Records to use:

··········

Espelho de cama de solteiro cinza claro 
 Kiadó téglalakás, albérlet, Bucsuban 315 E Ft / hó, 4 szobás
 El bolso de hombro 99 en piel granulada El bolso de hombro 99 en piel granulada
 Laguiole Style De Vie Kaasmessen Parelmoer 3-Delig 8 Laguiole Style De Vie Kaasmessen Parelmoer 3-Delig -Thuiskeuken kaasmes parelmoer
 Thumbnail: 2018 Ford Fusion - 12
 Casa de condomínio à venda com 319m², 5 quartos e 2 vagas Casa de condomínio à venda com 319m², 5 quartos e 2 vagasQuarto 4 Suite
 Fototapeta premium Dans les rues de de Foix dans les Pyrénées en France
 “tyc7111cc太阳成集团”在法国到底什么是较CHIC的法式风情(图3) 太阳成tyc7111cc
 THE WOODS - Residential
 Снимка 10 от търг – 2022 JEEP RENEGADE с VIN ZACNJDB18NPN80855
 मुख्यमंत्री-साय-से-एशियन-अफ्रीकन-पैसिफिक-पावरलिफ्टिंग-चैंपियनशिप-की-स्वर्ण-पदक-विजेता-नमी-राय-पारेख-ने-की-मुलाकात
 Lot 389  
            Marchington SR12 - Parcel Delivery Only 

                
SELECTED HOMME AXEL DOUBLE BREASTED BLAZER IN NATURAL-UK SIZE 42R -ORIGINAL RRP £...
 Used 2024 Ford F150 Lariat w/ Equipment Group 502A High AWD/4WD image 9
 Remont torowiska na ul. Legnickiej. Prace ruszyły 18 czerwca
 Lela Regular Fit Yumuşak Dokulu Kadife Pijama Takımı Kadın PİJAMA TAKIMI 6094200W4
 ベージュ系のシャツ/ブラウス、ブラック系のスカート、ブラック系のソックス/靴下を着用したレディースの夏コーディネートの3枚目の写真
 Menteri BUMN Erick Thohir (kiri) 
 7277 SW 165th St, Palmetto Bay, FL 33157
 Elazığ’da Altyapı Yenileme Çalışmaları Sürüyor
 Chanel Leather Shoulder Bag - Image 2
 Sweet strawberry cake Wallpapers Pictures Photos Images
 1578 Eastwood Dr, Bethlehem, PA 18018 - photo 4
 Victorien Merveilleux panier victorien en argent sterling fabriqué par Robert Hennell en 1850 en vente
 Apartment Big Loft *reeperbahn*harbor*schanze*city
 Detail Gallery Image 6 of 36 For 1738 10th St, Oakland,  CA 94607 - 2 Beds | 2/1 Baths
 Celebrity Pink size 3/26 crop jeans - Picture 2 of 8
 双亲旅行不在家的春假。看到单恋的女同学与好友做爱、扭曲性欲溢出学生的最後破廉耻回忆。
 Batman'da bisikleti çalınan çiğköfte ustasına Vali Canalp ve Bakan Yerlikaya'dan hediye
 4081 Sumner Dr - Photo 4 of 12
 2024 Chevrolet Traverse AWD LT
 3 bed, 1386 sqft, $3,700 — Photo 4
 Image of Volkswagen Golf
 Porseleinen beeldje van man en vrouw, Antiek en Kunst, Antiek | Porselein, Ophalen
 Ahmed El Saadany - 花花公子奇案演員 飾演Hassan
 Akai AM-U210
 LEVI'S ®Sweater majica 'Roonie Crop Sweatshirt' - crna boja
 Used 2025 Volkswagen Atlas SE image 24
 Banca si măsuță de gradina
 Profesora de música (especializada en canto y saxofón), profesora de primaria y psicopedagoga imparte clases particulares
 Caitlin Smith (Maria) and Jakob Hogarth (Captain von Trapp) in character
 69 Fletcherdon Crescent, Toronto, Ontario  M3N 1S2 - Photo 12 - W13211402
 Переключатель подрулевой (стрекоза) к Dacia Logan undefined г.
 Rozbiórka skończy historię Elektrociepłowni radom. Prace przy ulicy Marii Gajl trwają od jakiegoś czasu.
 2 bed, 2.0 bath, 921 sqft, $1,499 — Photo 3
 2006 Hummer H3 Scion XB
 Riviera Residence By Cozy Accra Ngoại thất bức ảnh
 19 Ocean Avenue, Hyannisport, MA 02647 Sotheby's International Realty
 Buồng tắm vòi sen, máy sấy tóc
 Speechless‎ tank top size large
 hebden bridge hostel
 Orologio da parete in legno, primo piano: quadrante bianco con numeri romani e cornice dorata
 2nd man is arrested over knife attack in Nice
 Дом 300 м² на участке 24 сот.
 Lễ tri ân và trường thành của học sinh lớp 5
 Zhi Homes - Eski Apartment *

··········

Your goal: Filter the data above by the word "Apartment" and copy every line that matches.

Exercise output:
 Apartment Big Loft *reeperbahn*harbor*schanze*city
 Zhi Homes - Eski Apartment *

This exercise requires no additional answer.